=== EXERCISE AIM ===
Once you find the line that contains "Volvo XC60 D4 190 R Design Nav Grey #17", write out that line and every line after it to the end of the records, exactly and with nothing else.

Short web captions

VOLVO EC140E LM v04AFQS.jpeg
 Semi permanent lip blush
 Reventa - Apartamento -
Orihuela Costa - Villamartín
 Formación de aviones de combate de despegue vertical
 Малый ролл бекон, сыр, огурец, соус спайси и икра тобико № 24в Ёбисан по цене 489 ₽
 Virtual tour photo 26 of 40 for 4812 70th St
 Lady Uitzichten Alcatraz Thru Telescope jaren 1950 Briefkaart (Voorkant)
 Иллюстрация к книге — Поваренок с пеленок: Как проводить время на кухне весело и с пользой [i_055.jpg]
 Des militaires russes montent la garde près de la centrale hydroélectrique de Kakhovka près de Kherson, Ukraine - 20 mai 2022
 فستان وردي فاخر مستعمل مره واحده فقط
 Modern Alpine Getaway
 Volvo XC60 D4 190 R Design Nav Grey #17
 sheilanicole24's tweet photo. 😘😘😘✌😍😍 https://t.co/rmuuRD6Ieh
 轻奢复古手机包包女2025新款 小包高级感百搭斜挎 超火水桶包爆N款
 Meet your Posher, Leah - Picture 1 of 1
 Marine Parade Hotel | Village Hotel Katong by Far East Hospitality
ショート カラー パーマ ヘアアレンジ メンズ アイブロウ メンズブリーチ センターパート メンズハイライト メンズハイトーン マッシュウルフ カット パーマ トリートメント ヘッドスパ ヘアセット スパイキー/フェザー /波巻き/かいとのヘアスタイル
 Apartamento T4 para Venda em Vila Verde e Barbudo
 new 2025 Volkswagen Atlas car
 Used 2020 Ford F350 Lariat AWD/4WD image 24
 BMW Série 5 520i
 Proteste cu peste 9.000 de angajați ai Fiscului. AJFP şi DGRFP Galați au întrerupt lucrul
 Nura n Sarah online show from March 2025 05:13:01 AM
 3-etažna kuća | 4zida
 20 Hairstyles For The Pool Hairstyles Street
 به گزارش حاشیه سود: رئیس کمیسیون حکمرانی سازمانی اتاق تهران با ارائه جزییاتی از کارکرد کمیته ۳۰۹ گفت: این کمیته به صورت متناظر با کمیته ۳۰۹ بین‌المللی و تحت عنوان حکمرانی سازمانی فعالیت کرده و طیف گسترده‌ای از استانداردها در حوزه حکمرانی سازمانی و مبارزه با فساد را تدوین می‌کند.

=== EXPECTED OUTPUT ===
 Volvo XC60 D4 190 R Design Nav Grey #17
 sheilanicole24's tweet photo. 😘😘😘✌😍😍 https://t.co/rmuuRD6Ieh
 轻奢复古手机包包女2025新款 小包高级感百搭斜挎 超火水桶包爆N款
 Meet your Posher, Leah - Picture 1 of 1
 Marine Parade Hotel | Village Hotel Katong by Far East Hospitality
ショート カラー パーマ ヘアアレンジ メンズ アイブロウ メンズブリーチ センターパート メンズハイライト メンズハイトーン マッシュウルフ カット パーマ トリートメント ヘッドスパ ヘアセット スパイキー/フェザー /波巻き/かいとのヘアスタイル
 Apartamento T4 para Venda em Vila Verde e Barbudo
 new 2025 Volkswagen Atlas car
 Used 2020 Ford F350 Lariat AWD/4WD image 24
 BMW Série 5 520i
 Proteste cu peste 9.000 de angajați ai Fiscului. AJFP şi DGRFP Galați au întrerupt lucrul
 Nura n Sarah online show from March 2025 05:13:01 AM
 3-etažna kuća | 4zida
 20 Hairstyles For The Pool Hairstyles Street
 به گزارش حاشیه سود: رئیس کمیسیون حکمرانی سازمانی اتاق تهران با ارائه جزییاتی از کارکرد کمیته ۳۰۹ گفت: این کمیته به صورت متناظر با کمیته ۳۰۹ بین‌المللی و تحت عنوان حکمرانی سازمانی فعالیت کرده و طیف گسترده‌ای از استانداردها در حوزه حکمرانی سازمانی و مبارزه با فساد را تدوین می‌کند.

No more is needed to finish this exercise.